Crítica de Mex Faliero - Fancinema

EL CINE COMO JUEGO

Vaya uno a saber si Entre navajas y secretos logra que el querido subgénero del whodunit recupere su vida en la pantalla grande, pero lo cierto es que en su nueva película, Rian Johnson ha sabido construir un juguete muy divertido, capaz de sobrevolar con coherencia la estructura típica del policial de misterio británico, tener amor por las tradiciones y, claro (porque en el fondo es un director con aires autorales), cierto aire renovador. En la película, un famoso escritor de novelas de misterio y multimillonario se ha suicidado. Sin embargo, hay algunas dudas sobre ese episodio: para algunos se trata de un asesinato. Así es como un par de agentes policiales y un detective privado (uno de esos detectives más grandes que la vida) se dedican a entrevistar a hijos, nueras, yernos, nietos y empleadas del muerto en la casona en la que vivía. Como suele ser regla en este subgénero, Johnson utiliza los primeros minutos de película para presentar personajes y delinear sospechosos. Lo hace con un gran trabajo de montaje y siempre con un aire entre juguetón y autoconsciente de lo hiperbólico de todo asunto.

Con una filmografía de lo más ecléctica, que se va paseando del indie al mainstream sin problemas, Johnson tiene como mayor defecto, tal vez, el hecho de querer hacerse notar en cada decisión que toma. Entre navajas y secretos no es la excepción, pero es bien cierto que este tipo de películas hacen de cierto exhibicionismo su virtud: como que la mostración del recurso es el combustible que usa el mago para que su truco no sea evidente. Y en el whodunit hay mucho de acto de ilusionista: hay que sembrar múltiples sospechas, tratando de estar siempre unos pasos delante del espectador. Uno de los peligros que corren ciertos géneros y subgéneros tradicionales es la distancia irónica con la que se los suele mirar desde el presente, pero Johnson esquiva esa postura todo lo que puede. En su película hay humor, pero siempre relacionado con los personajes y sus actitudes entre miserables y ridículas. Johnson deja atrás la solemnidad y la trascendencia habitual de su cine, y construye un relato en la mejor senda de los policiales de misterio a lo Agatha Christie o Arthur Conan Doyle. Confeso admirador de este tipo de historias, se lo nota divertido con cada vuelta de tuerca que el guión propone.

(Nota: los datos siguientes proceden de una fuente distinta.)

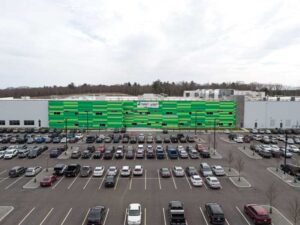 The vibrant green entryway consists of an arrangement of three horizontally oriented insulated metal panels (IMPs) in shades of green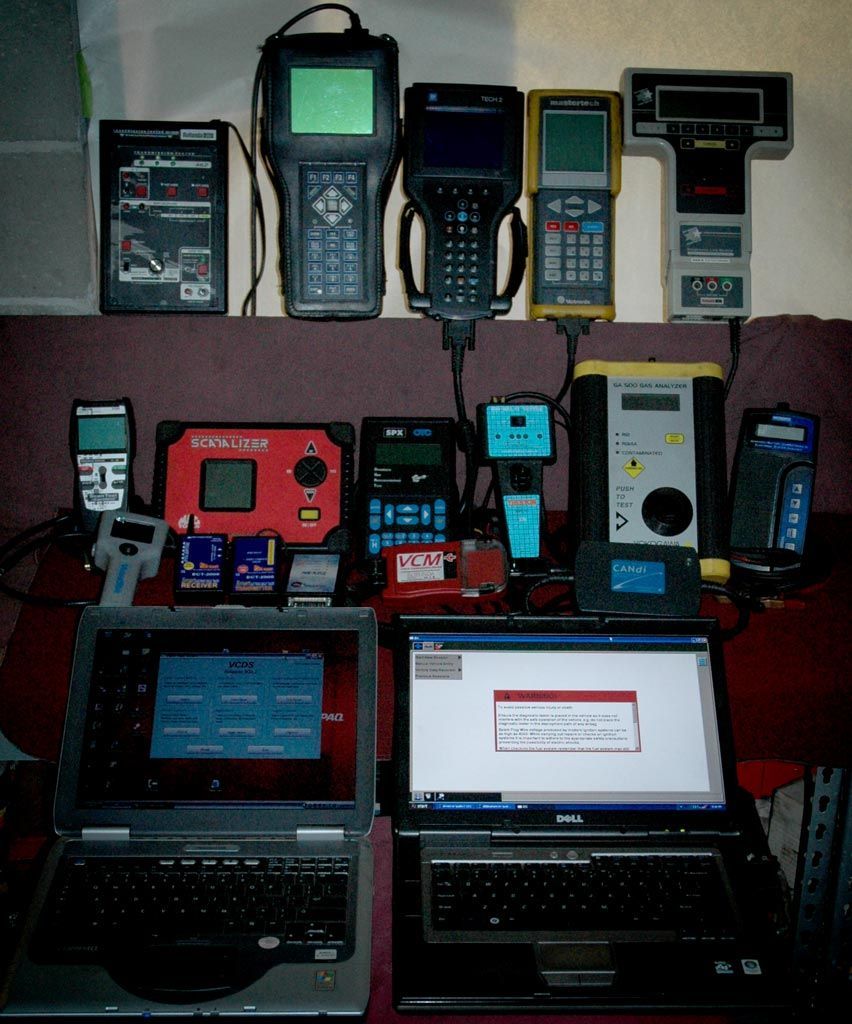 Collection of electronic devices: laptops, handheld scanners, and diagnostic tools. |  Quality Car & Truck Repair Inc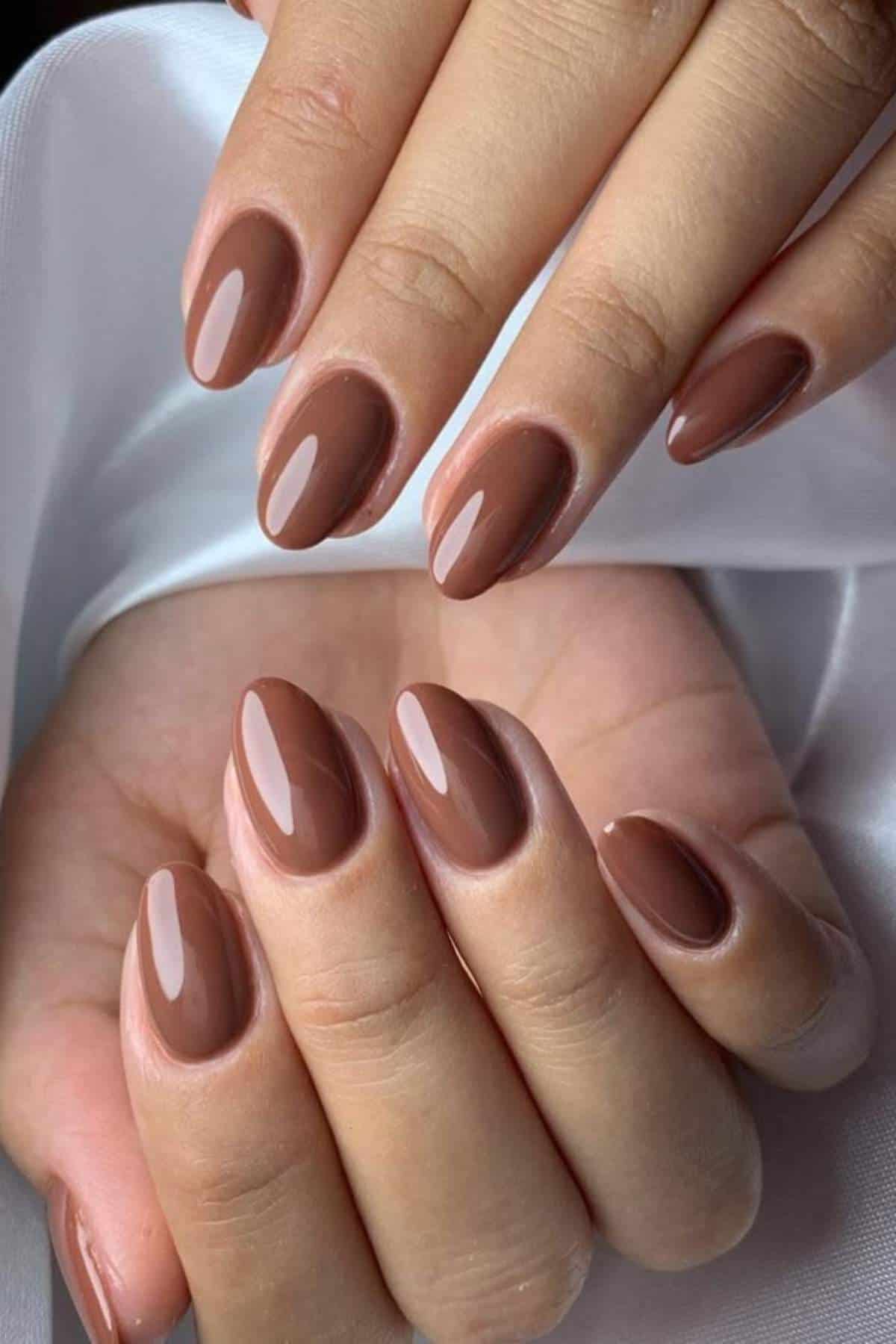 Close-up of hands showing neatly manicured nails painted in a glossy brown shade, with short, oval-shaped nails against a white fabric background.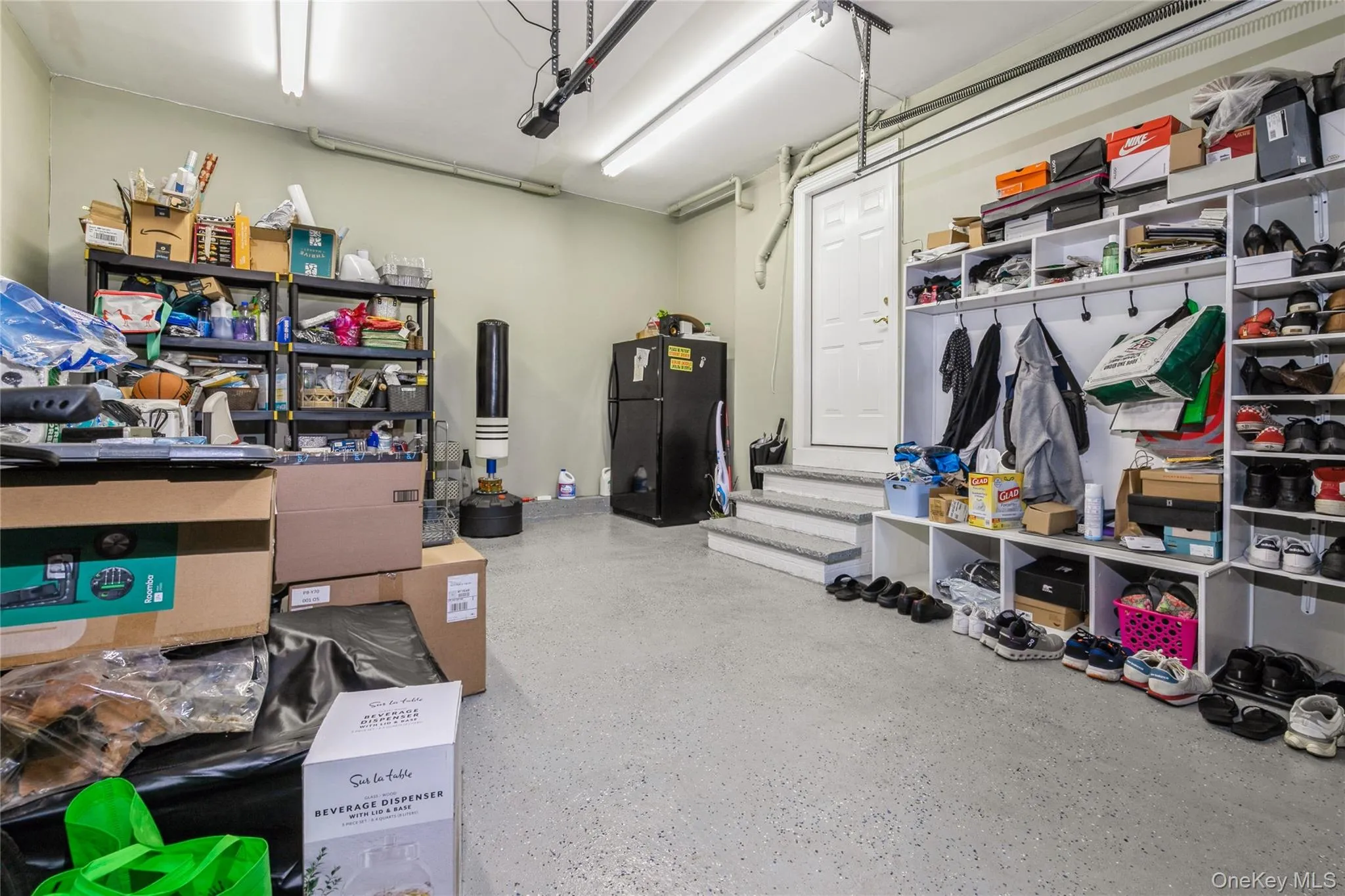 Garage with freestanding refrigerator Garage with freestanding refrigerator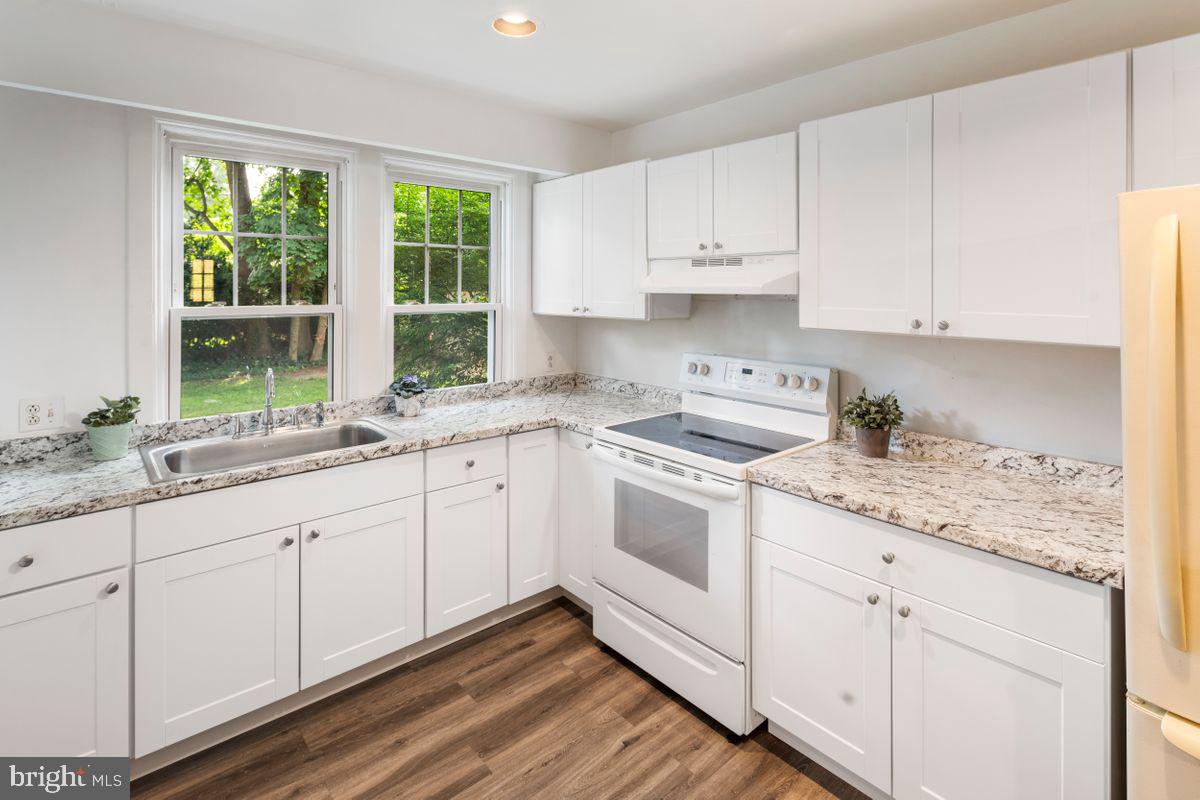 908 Easton Road Riegelsville, PA 18077 - Photo 4 of 43 a kitchen with granite countertop white cabinets and white appliances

Otra de las reglas impuestas por el cine para este tipo de relatos es la del elenco kilométrico en estrellas, algo heredado del vodevil (no de gusto la mayoría de estas historias se centran casi en un único espacio). Como no podía ser de otra manera, Johnson se rodea de varias figuras, entre las que encontramos a Chris Evans, Ana de Armas, Jamie Lee Curtis, Toni Collette, Don Johnson, Michael Shannon, Keith Stanfield, Christopher Plummer y Frank Oz, aunque el que sobresale es Daniel Craig como el detective Benoit Blanc. Craig se muestra gracioso como nunca, en un personaje de lo más lúdico y virtuoso, uno de esos sabuesos que siguen cada pista hasta el final y que parecen quebrados hasta segundos antes de descubrir al asesino. Al respecto, Johnson aporta un giro de guión sorprendente en la mitad de la película que quiebra cierta lógica del whodunit y que nos invita a ir mucho más del descubrimiento del asesino. Porque en el fondo, Entre navajas y secretos es una película sobre una familia terrible, horrenda, una sarta de seres materialistas y egoístas capaces de lo peor con tal de quedarse con la fortuna del viejo. Y esa mirada satírica incluye a los más reaccionarios y fascistas herederos como a los más progresistas, aunque incapaces de distinguir si la empleada doméstica latina es brasileña o ecuatoriana. La mirada sobre la inmigración y su vínculo con la alta sociedad termina siendo el gran misterio resuelto de esta divertidísima película.